Queste parole, confermate dall’appello, oggi sono il negativo della fotografia accusatoria scattata dalla Procura di Taranto, che imputa alla famiglia Riva di aver gestito lo stabilimento siderurgico con la logica del «minimo sforzo e massimo guadagno», al punto da causare il disastro ecologico e sanitario che è al centro del processo «Ambiente svenduto», ancora in corso. I magistrati tarantini nel 2013 avevano ottenuto il sequestro di 8,1 miliardi di euro dei Riva: «l’ingiusto risparmio» che erano certi la famiglia avesse realizzato non ammodernando la fabbrica. Il sequestro era poi stato annullato dalla Cassazione, ma ora anche la giustizia milanese conferma che i Riva investivano il giusto e non spoliavano l’azienda. Insomma, è la solita giustizia schizofrenica. Intanto, però, la vicenda giudiziaria ha causato disastri economici: dopo il difficile passaggio proprietario ad ArcelorMittal, ora l’Ilva sta tornando sotto il controllo dello Stato, che per arrivare al 60 per cento del capitale dovrà pagare più di un miliardo. Intanto la produzione italiana di acciaio è crollata, e il peso dell’Ilva si è ridotto da oltre la metà del totale a meno di un quarto. Se questa è la giustizia, forse rischia di essere meglio un’ingiustizia.

Un’ingiustizia sembra aver subito l’ex ministro dell’Agricoltura Nunzia De Girolamo: nel 2013 era stata accusata di associazione per delinquere, concussione e scambio elettorale. Per la Procura di Benevento, governava l’azienda sanitaria locale come fosse cosa sua. Anche la De Girolamo, come Mannino, è uscita dalla politica. Ora è stata appena assolta in primo grado, e per dimostrare la sua piena innocenza sono serviti sette anni. Lei, però, dice di essere «rimasta ferma a quel gennaio 2014», e quasi piange. «Avevo 37 anni», prosegue, «ed ero la mamma di una bimba di 18 mesi che è cresciuta con il fango di questo processo, con la sofferenza, con le ingiurie. Mi sono dimessa da tutto e sono stata zitta, perché sono stata educata ad avere rispetto della magistratura. Ci sono stati giorni, però, in cui avrei aperto la finestra e mi sarei buttata di sotto. Mi ha salvata soltanto mia figlia».
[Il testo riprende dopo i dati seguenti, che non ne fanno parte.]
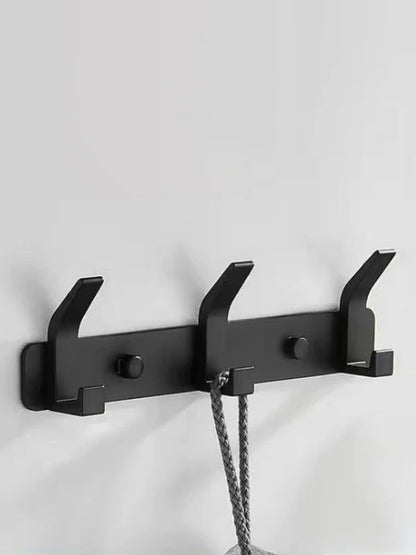 Easy Installation Door Hook-Strong Metal Coat Rack, Suitable for Clothes, Hats and Bags-Space Saving Design, Suitable for Bedroo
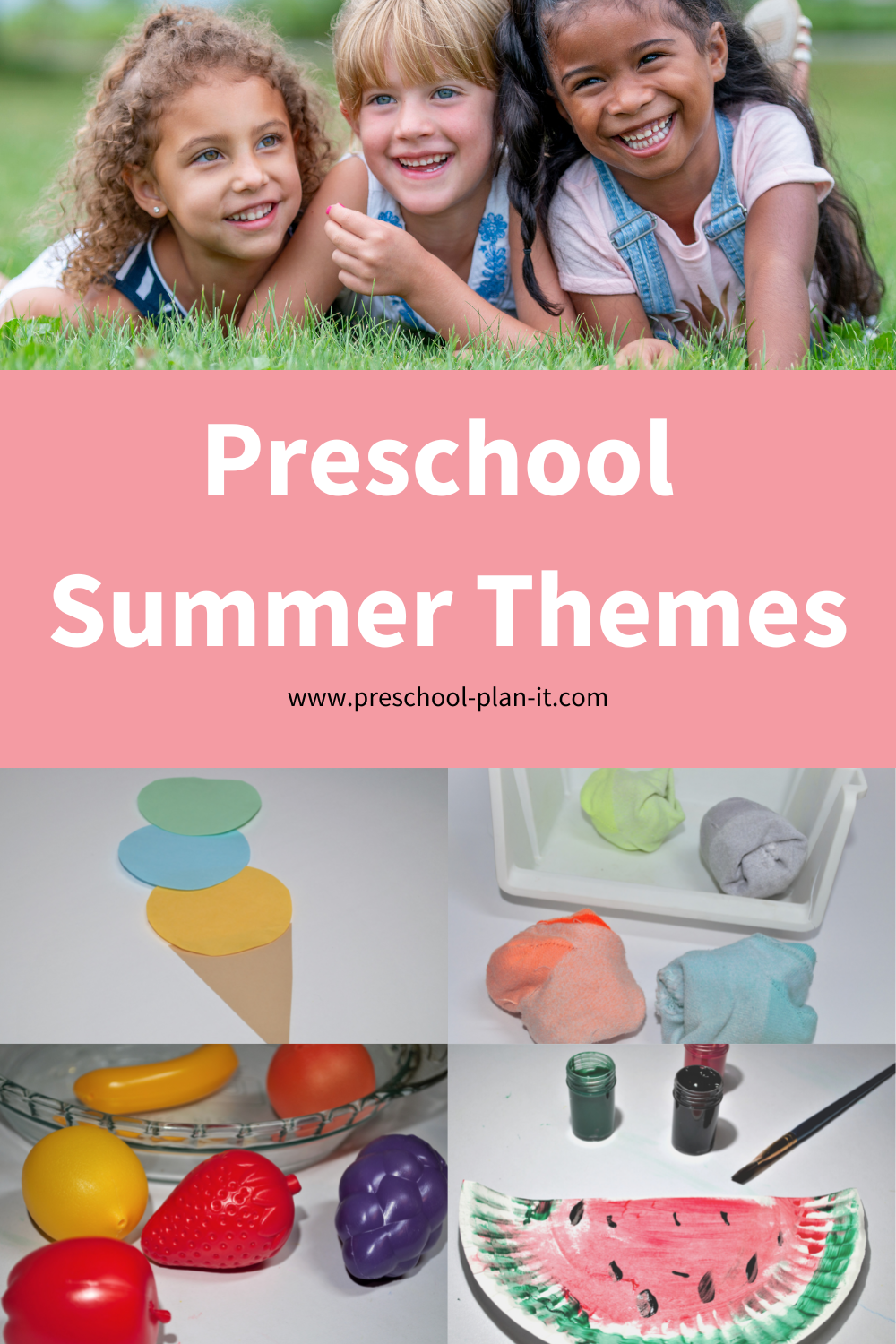 Preschool Monthly Themes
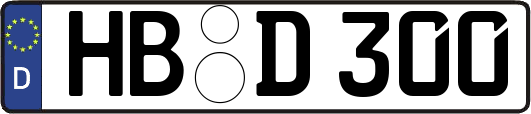 HB-D300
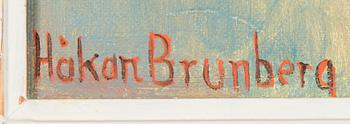 Håkan Brunberg, At the Café.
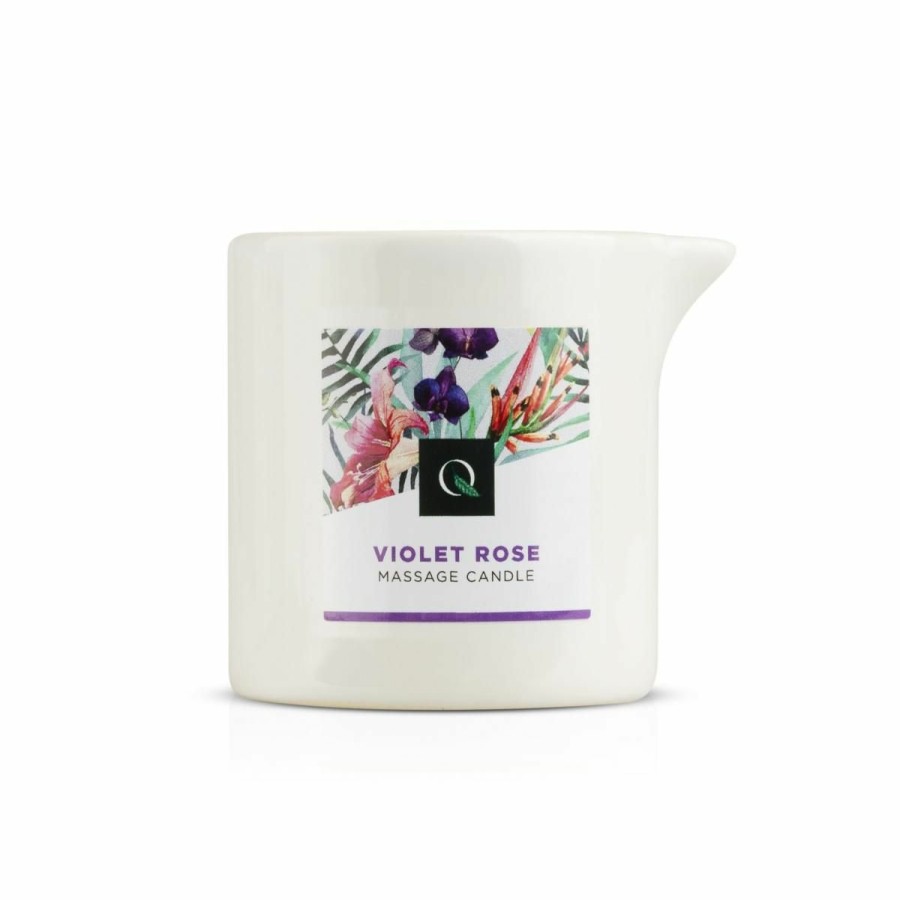 Exotiq Massage Exotiq Massagekerze Violet Rose - 60G Clearance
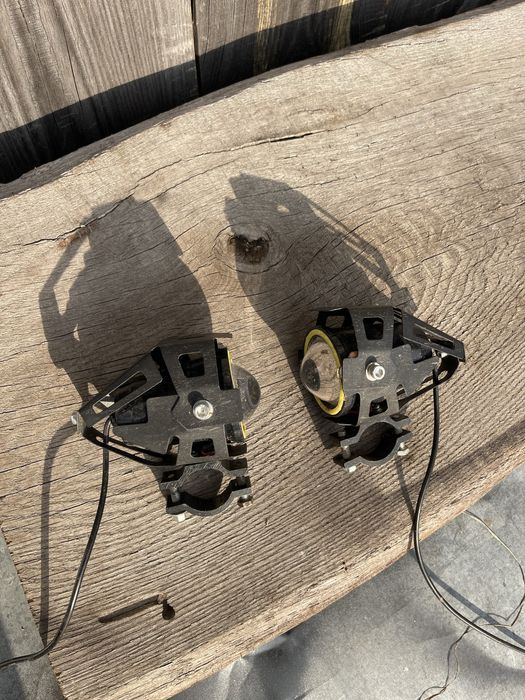 Протитумані фари на мото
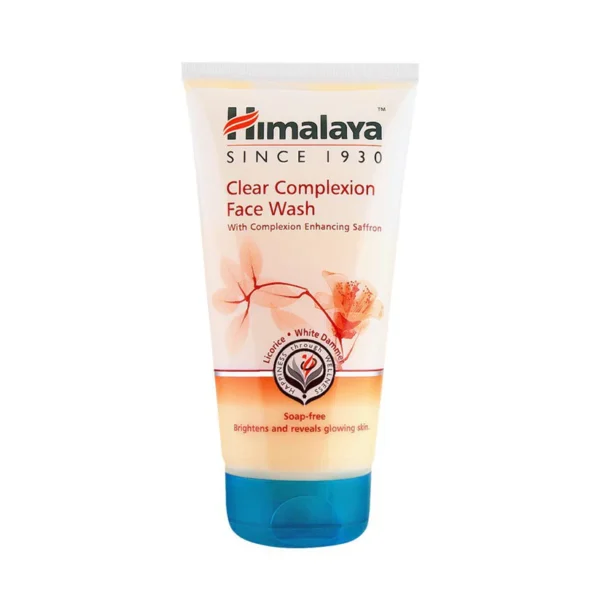 HIMALAYA CLEAR COMPLEXION FACE WASH 150 ML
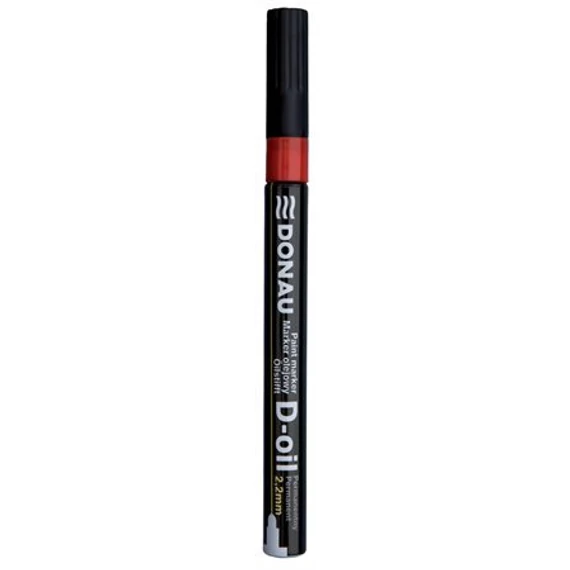 Lakkmarker, 2,2 mm, S, DONAU "D-oil", piros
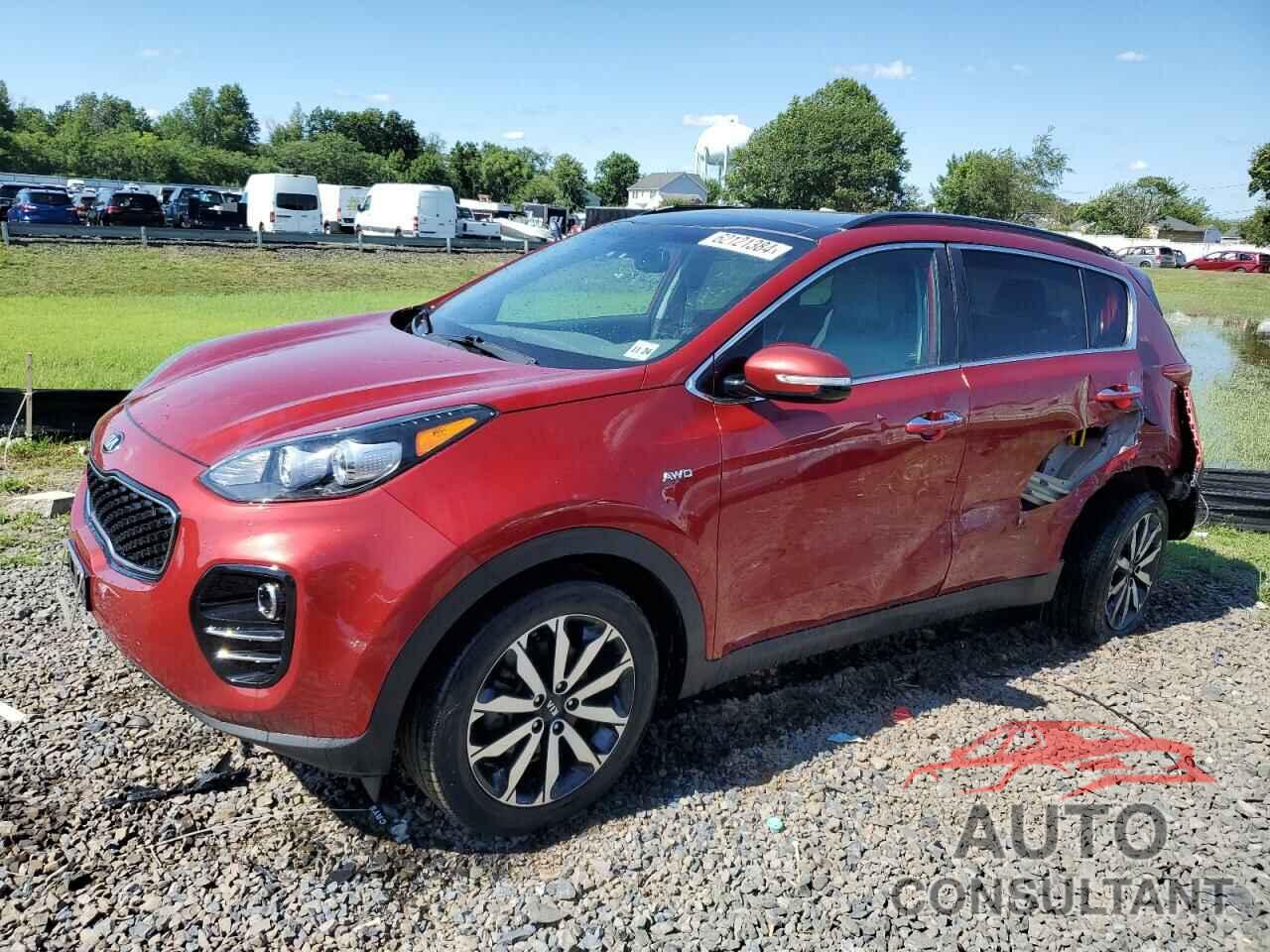 KIA SPORTAGE 2019 - KNDPNCACXK7500333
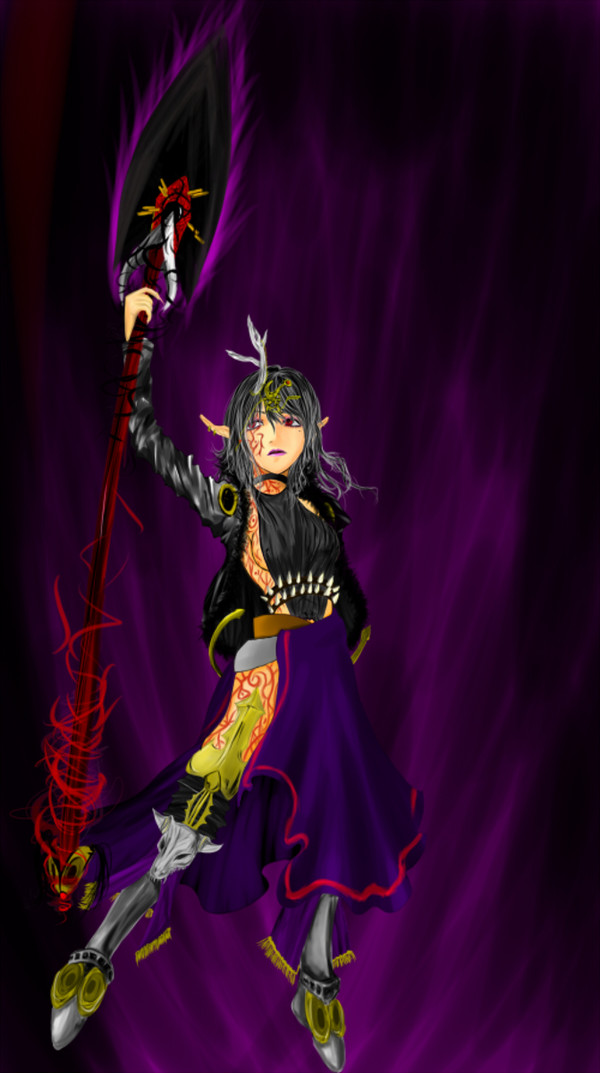 女魔王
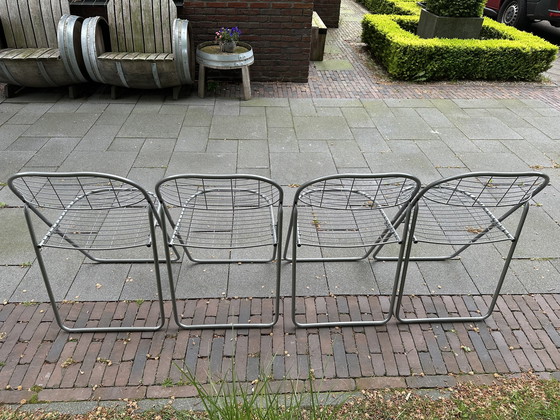 Image 1 of 4x Niels Gammelgaard Klappstuhl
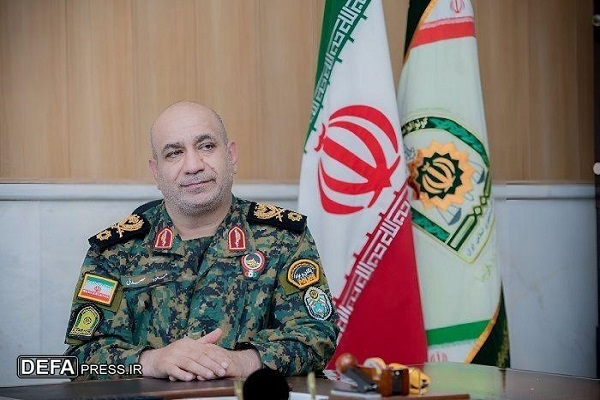 سردار مصدق: ملت ایران قدردان زحمات و قدرت نظامی نیرو‌های مسلح هستند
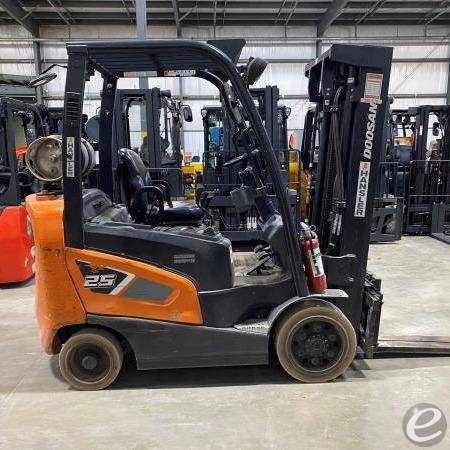 2019 Doosan GC25S-9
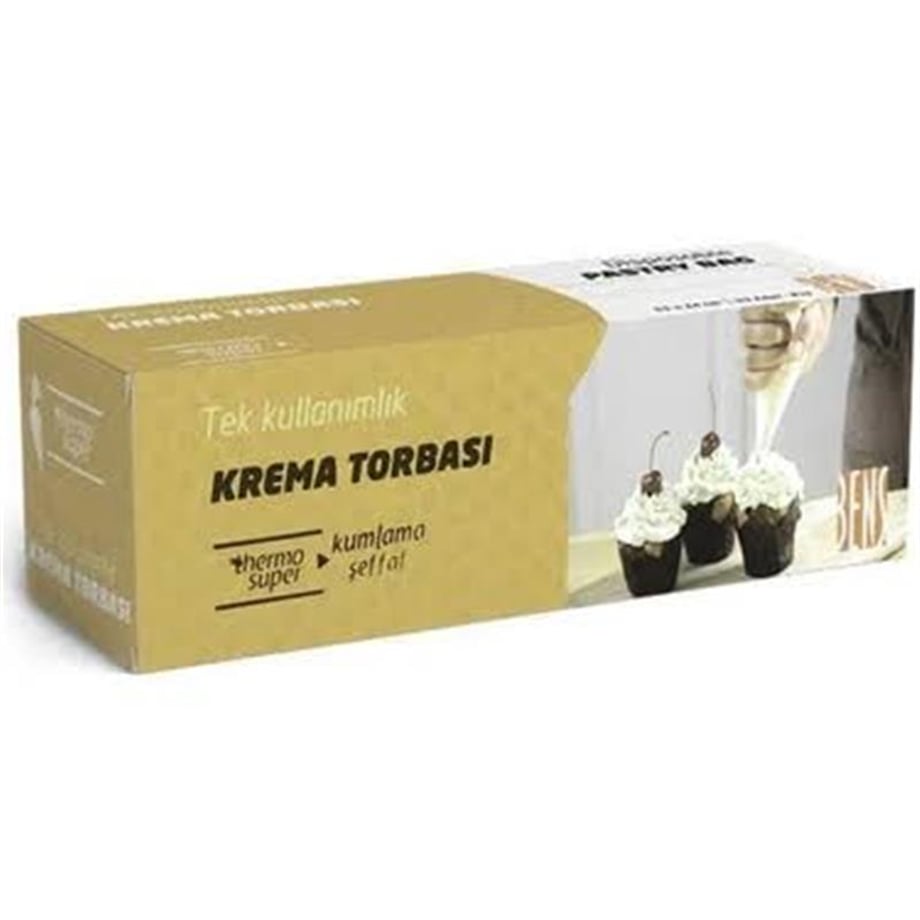 Bens Tek Kullanımlık Torba Kumlamalı  (72 Adetli)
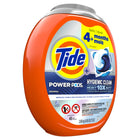 Tide - Détergent à lessive puissant Hygienic Clean 10x Power PODS - Paquet de 45-Technologie novatrice de capsules de détergent à lessive qui pénètre entre les fibres pour nettoyer la saleté cachée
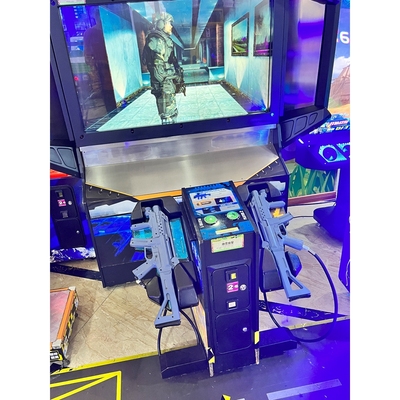 电玩城大型游戏机打枪战儿童游乐射击游戏设备商用投币室内游戏厅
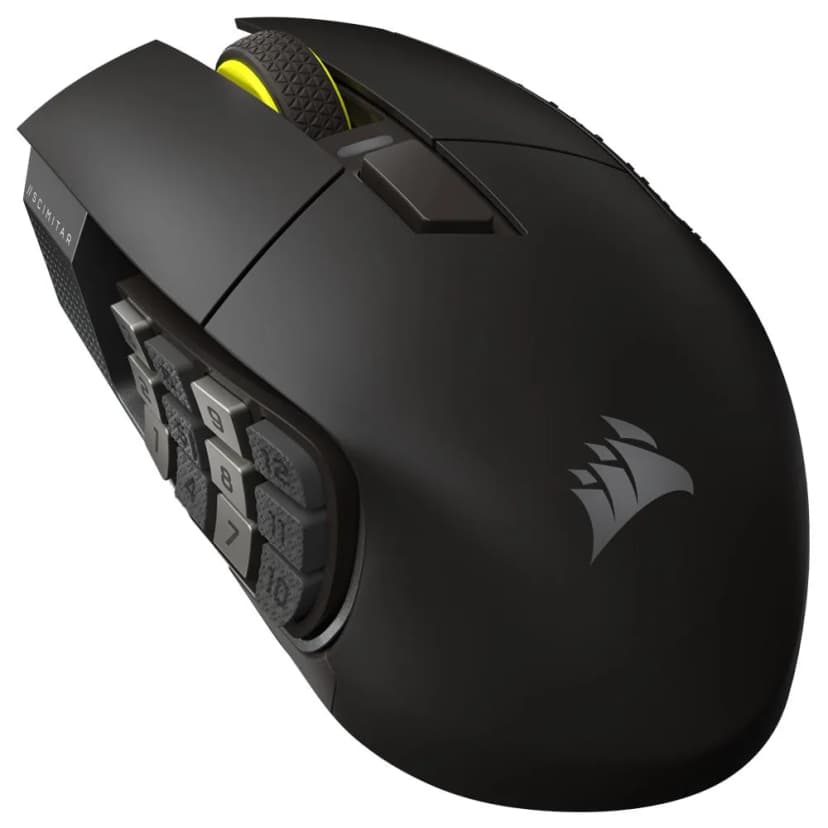 Chuột Bluetooth Gaming Corsair SCIMITAR ELITE SE Black/CH-9314014-AP - Giá rẻ nhất hôm nay - Ảnh 4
Chi non ha mai smesso di lavorare è stato Vittorio Zappalorto. Oggi è prefetto di Venezia, ma è appena uscito da un’assurda «indagine preliminare» iniziata tre anni fa, quando ancora era il rappresentante del governo a Gorizia: accusato di associazione per delinquere e turbativa d’asta, per aver sostituito con un consorzio locale la cooperativa siciliana che gestiva le attività in due centri per immigrati a Gradisca d’Isonzo, Zappalorto è stato assolto perché un giudice ha stabilito che, al contrario, era riuscito «a risolvere la problematica gestione della cooperativa giungendo alla risoluzione anticipata del contratto tramite una transazione». Il giudice non s’è fermato lì: ha definito l’architettura accusatoria come «un apodittico e grossolano teorema in base a cui qualunque funzionario della prefettura avesse avuto parte della vicenda diventava, ipso facto, un concorrente nei vari reati». Lui, il prefetto indagato, ha sempre continuato a fare il prefetto. Ma ammette che sono stati anni difficili: «Non avevo più il coraggio di stringere la mano a nessuno», sospira.

Grandi o piccole, le storie di malagiustizia continuano a ripetersi. Una sopra l’altra, ormai formano più di una colonna infame: sono quasi una torre di Babele. L’avvocato Giandomenico Caiazza, presidente dell’Unione delle camere penali, è uno che d’ingiustizie se ne intende visto che negli anni Ottanta era tra i difensori di Enzo Tortora, ma è ugualmente indignato: «In magistratura non paga mai nessuno», sbotta, «neanche dal punto di vista professionale, della carriera. L’Italia è l’unico Paese al mondo che non prevede valutazioni di merito sulla qualità professionale del magistrato. Così un pm istruisce un procedimento che viene demolito, ma intanto ha causato danni enormi agli indagati: perché non deve subire la minima ricaduta sulla sua carriera?».